Moving to a new usage style

Hi there!

In the past I used to import all my stuff into the DT database – meaning that I created a copy of every file inside the database. This lead me to the considerable and somewhat frightening database folder size of proud 1.79 GB! So I started to consider just indexing the data and leaving the files outside of the DT database.

Is there anybody out there who share some experience on how “stable” DT is when used this way? Are there problems with broken links?

And most important:
How can I synchronize my DT database and the files on my HD? The problem is, that some of the files on my HD are already in DT, but some are not… as well as some of the file in DT aren’t in my HD file system yet.
Is there an efficient way to get this done?

Best regards
Christian
(I hope I explained the problem clear enough… :confused: )

I’m still using it that way, except for some large document collections (e.g. Tiger Reference Library) that are external and indexed.

The possibility of broken links is one reason I prefer storing nearly everything in the database. That also makes it more portable when transferring it between different systems that don’t necessary have the same filesystem hierarchy, which became an issue for me now that I have three Macs.

AFAIK it can’t be fully automated (yet); see dr_tone’s post in Automatic syncing not exactly like anticipated for his take on that. Syncing issues were another reason I decided it would be easiest keeping the database primarily a “standalone” entity for now.
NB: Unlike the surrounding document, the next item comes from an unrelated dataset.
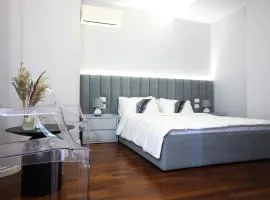 Lunarist Luxury Jacuzzi Suites - Tirana Prime Location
A big reason I use DT is because I can easily store and find information in it without much concern for location, even if its group/item structure is analogous to folders/files hierarchies. I’m hoping DT eventually makes it possible to detach further from hierarchical organization, maybe with some “mind mapping” capabilities? I tend to have a lot of distinct “projects” that are sometimes related, but not hierarchically, and choosing where data “belongs” can be tedious. The relationship matters more than the location.

Definitely. And I think this topic really deserves to be a FAQ by now. :slight_smile:

Christian:

Sjk has responded to your other questions.

I’ve been using DEVONthink for more than 2 years. When I started, I couldn’t be certain how stable the database would be, or whether it would continue to be supported. So I opted to keep my many PDF reference files outside the database, and to import them to DT as linked files – I also have that preference checked for unknown file types, Quicktime files and images.

If I had opted to import these files into the DT database Files folder, my Files folder would be larger than yours…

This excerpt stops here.